Georgia considers bill to curb municipal broadband

Some Georgia lawmakers are taking a page from North Carolina’s playbook in order to limit municipal broadband projects in the state. Georgia Senate Majority Leader Chip Rogers is sponsoring a bill that he says is designed to keep government from unfairly competing against incumbent broadband providers. The bill makes the same kinds of arguments included by the telecommunications lobby in a previous measure that passed in North Carolina, effectively limiting municipal broadband growth in that state.

Under the terms of the bill, municipalities would be prevented from paying for communication networks with tax or government revenue or from subsidizing subscription prices. The bill also requires that local governments hold public hearings and a special election before becoming a broadband provider.

The special election requirement goes a step further than the North Carolina legislation of the same flavor. Three cities in Georgia, Tifton, Marietta, and Acworth currently provide publically funded broadband networks but, Rogers calls them unsuccessful and the government an unfair competitor to private business. He claims that the bill would “level the playing field.”

“The private sector is handling this exceptionally well,” Rogers said in an Associated Press account. “What they don’t need is for a governmental entity to come in and compete with them where these types of services already exist. We’re not outlawing a local government entity from doing this, but if they’re going to compete, they can play by the same rules and ask the voters if it’s okay before they go out and spend all these dollars.”

Rogers claims are dubious at best.
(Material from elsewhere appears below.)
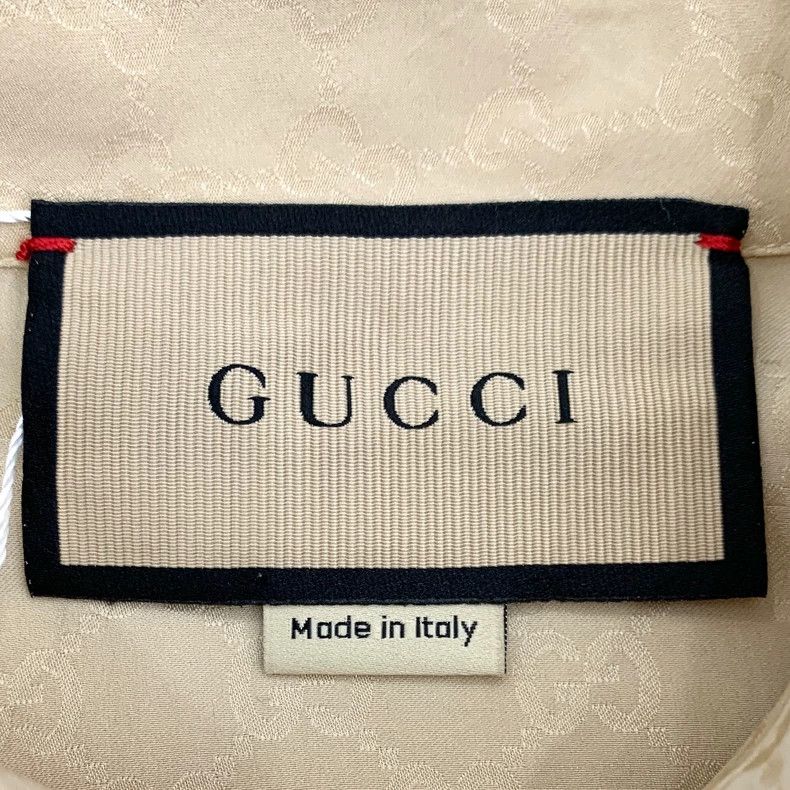Gucci Khaki Logo Silk Long Sleeve Shirt-dmc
According to the National Broadband Map, Georgia ranks 20th in the nation for broadband access. According to the forward of a report by Rich Calhoun, Program Director of the Georgia Technology Initiative, “As I traveled through the state to talk with leaders in municipalities, counties and community anchor institutions, I found that many places throughout Georgia indicated that they did not have access to affordable or sufficient broadband services. Telecommunications firms who have made significant investments in Georgia indicated that in some areas of the state the return on investment would not qualify for further investment at the present time.”

According to data in a previous CivSource piece on the state of municipal broadband, “just over 50 cities in the US have their own fiber networks and fewer than 100 have cable networks.”

However, incumbent broadband providers have a significant interest in ensuring that they are the only players in the broadband market, despite open unwillingness to build the infrastructure needed to foster a broadband economy in the United States. The requirements of the bill most notably – special elections – will erect high cost barriers to creating municipal broadband networks even for more affluent cities in the state. Ensuring that a market with little to no activity will go uninterrupted by communities attempting to provide needed infrastructure for themselves.

Rogers claims that these requirements only make governments “play by the same rules,” as the private sector. Although we are left to question when was the last time a private sector provider held a special election before it began an initiative or was barred from using or raising capital to start a project.